- Directions: Output all of the material once more, so that every line matches the original exactly.

- Records for the task:
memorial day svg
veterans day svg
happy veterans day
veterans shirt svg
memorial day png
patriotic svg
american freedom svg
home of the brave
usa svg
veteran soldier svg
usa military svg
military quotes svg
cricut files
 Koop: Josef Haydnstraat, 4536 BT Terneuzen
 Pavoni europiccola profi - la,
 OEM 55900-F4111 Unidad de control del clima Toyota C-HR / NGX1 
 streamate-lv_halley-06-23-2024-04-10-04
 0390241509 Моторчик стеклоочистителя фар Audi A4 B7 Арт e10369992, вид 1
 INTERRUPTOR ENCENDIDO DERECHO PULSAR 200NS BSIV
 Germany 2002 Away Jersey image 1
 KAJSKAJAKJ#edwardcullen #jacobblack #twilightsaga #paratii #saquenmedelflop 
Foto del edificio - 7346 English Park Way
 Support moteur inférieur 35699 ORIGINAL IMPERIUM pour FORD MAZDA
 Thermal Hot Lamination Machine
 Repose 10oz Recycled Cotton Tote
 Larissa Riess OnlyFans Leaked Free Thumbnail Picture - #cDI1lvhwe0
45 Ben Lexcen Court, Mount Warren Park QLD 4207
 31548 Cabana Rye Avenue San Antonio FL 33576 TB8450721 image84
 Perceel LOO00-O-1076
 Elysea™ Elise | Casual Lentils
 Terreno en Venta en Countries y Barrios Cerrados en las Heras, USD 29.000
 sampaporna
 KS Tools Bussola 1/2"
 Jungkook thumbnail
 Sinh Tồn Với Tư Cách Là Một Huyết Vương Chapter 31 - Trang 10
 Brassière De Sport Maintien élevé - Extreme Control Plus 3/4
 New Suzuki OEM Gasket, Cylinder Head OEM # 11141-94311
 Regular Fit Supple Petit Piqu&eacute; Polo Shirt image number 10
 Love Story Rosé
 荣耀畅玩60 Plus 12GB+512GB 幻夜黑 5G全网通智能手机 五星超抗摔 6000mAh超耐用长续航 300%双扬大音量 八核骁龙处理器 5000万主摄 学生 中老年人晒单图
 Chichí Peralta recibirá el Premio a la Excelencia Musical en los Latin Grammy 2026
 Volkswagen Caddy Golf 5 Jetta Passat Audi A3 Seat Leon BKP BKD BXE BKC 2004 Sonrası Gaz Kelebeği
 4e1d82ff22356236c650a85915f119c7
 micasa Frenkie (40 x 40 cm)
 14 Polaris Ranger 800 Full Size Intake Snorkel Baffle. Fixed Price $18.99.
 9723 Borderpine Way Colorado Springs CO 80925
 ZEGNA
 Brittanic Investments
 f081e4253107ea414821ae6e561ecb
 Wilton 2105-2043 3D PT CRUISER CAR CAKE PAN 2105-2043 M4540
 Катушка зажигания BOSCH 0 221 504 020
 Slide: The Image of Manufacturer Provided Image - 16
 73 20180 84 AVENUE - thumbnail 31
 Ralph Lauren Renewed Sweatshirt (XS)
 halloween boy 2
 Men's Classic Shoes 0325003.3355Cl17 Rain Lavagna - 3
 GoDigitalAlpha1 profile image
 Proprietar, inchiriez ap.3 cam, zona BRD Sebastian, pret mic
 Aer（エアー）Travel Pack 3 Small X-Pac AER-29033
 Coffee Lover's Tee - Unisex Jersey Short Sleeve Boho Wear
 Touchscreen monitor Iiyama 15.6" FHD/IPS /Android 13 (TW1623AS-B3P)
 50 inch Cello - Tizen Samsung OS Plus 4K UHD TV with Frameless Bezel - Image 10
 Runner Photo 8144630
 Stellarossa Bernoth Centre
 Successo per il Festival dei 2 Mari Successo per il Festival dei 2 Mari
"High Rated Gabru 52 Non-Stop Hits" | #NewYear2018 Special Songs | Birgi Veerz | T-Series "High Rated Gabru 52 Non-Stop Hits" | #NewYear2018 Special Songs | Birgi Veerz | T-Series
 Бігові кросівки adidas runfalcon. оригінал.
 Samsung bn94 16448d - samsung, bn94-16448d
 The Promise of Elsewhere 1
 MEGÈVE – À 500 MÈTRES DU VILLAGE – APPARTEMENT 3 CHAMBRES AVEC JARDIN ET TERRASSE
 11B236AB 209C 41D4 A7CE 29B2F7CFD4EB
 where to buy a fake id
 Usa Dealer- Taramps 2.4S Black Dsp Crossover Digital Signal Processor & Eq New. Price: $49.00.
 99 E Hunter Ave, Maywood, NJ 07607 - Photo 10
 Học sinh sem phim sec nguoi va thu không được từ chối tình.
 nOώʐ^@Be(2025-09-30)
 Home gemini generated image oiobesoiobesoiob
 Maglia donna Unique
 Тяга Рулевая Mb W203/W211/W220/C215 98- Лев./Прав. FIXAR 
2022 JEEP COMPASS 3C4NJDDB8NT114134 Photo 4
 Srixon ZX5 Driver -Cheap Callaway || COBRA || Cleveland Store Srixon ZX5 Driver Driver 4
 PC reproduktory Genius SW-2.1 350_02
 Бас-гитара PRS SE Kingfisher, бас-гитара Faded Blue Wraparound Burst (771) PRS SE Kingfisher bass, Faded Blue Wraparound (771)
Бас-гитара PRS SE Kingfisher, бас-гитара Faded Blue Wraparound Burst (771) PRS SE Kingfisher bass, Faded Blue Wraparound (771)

- Result for this exercise:
memorial day svg
veterans day svg
happy veterans day
veterans shirt svg
memorial day png
patriotic svg
american freedom svg
home of the brave
usa svg
veteran soldier svg
usa military svg
military quotes svg
cricut files
 Koop: Josef Haydnstraat, 4536 BT Terneuzen
 Pavoni europiccola profi - la,
 OEM 55900-F4111 Unidad de control del clima Toyota C-HR / NGX1 
 streamate-lv_halley-06-23-2024-04-10-04
 0390241509 Моторчик стеклоочистителя фар Audi A4 B7 Арт e10369992, вид 1
 INTERRUPTOR ENCENDIDO DERECHO PULSAR 200NS BSIV
 Germany 2002 Away Jersey image 1
 KAJSKAJAKJ#edwardcullen #jacobblack #twilightsaga #paratii #saquenmedelflop 
Foto del edificio - 7346 English Park Way
 Support moteur inférieur 35699 ORIGINAL IMPERIUM pour FORD MAZDA
 Thermal Hot Lamination Machine
 Repose 10oz Recycled Cotton Tote
 Larissa Riess OnlyFans Leaked Free Thumbnail Picture - #cDI1lvhwe0
45 Ben Lexcen Court, Mount Warren Park QLD 4207
 31548 Cabana Rye Avenue San Antonio FL 33576 TB8450721 image84
 Perceel LOO00-O-1076
 Elysea™ Elise | Casual Lentils
 Terreno en Venta en Countries y Barrios Cerrados en las Heras, USD 29.000
 sampaporna
 KS Tools Bussola 1/2"
 Jungkook thumbnail
 Sinh Tồn Với Tư Cách Là Một Huyết Vương Chapter 31 - Trang 10
 Brassière De Sport Maintien élevé - Extreme Control Plus 3/4
 New Suzuki OEM Gasket, Cylinder Head OEM # 11141-94311
 Regular Fit Supple Petit Piqu&eacute; Polo Shirt image number 10
 Love Story Rosé
 荣耀畅玩60 Plus 12GB+512GB 幻夜黑 5G全网通智能手机 五星超抗摔 6000mAh超耐用长续航 300%双扬大音量 八核骁龙处理器 5000万主摄 学生 中老年人晒单图
 Chichí Peralta recibirá el Premio a la Excelencia Musical en los Latin Grammy 2026
 Volkswagen Caddy Golf 5 Jetta Passat Audi A3 Seat Leon BKP BKD BXE BKC 2004 Sonrası Gaz Kelebeği
 4e1d82ff22356236c650a85915f119c7
 micasa Frenkie (40 x 40 cm)
 14 Polaris Ranger 800 Full Size Intake Snorkel Baffle. Fixed Price $18.99.
 9723 Borderpine Way Colorado Springs CO 80925
 ZEGNA
 Brittanic Investments
 f081e4253107ea414821ae6e561ecb
 Wilton 2105-2043 3D PT CRUISER CAR CAKE PAN 2105-2043 M4540
 Катушка зажигания BOSCH 0 221 504 020
 Slide: The Image of Manufacturer Provided Image - 16
 73 20180 84 AVENUE - thumbnail 31
 Ralph Lauren Renewed Sweatshirt (XS)
 halloween boy 2
 Men's Classic Shoes 0325003.3355Cl17 Rain Lavagna - 3
 GoDigitalAlpha1 profile image
 Proprietar, inchiriez ap.3 cam, zona BRD Sebastian, pret mic
 Aer（エアー）Travel Pack 3 Small X-Pac AER-29033
 Coffee Lover's Tee - Unisex Jersey Short Sleeve Boho Wear
 Touchscreen monitor Iiyama 15.6" FHD/IPS /Android 13 (TW1623AS-B3P)
 50 inch Cello - Tizen Samsung OS Plus 4K UHD TV with Frameless Bezel - Image 10
 Runner Photo 8144630
 Stellarossa Bernoth Centre
 Successo per il Festival dei 2 Mari Successo per il Festival dei 2 Mari
"High Rated Gabru 52 Non-Stop Hits" | #NewYear2018 Special Songs | Birgi Veerz | T-Series "High Rated Gabru 52 Non-Stop Hits" | #NewYear2018 Special Songs | Birgi Veerz | T-Series
 Бігові кросівки adidas runfalcon. оригінал.
 Samsung bn94 16448d - samsung, bn94-16448d
 The Promise of Elsewhere 1
 MEGÈVE – À 500 MÈTRES DU VILLAGE – APPARTEMENT 3 CHAMBRES AVEC JARDIN ET TERRASSE
 11B236AB 209C 41D4 A7CE 29B2F7CFD4EB
 where to buy a fake id
 Usa Dealer- Taramps 2.4S Black Dsp Crossover Digital Signal Processor & Eq New. Price: $49.00.
 99 E Hunter Ave, Maywood, NJ 07607 - Photo 10
 Học sinh sem phim sec nguoi va thu không được từ chối tình.
 nOώʐ^@Be(2025-09-30)
 Home gemini generated image oiobesoiobesoiob
 Maglia donna Unique
 Тяга Рулевая Mb W203/W211/W220/C215 98- Лев./Прав. FIXAR 
2022 JEEP COMPASS 3C4NJDDB8NT114134 Photo 4
 Srixon ZX5 Driver -Cheap Callaway || COBRA || Cleveland Store Srixon ZX5 Driver Driver 4
 PC reproduktory Genius SW-2.1 350_02
 Бас-гитара PRS SE Kingfisher, бас-гитара Faded Blue Wraparound Burst (771) PRS SE Kingfisher bass, Faded Blue Wraparound (771)
Бас-гитара PRS SE Kingfisher, бас-гитара Faded Blue Wraparound Burst (771) PRS SE Kingfisher bass, Faded Blue Wraparound (771)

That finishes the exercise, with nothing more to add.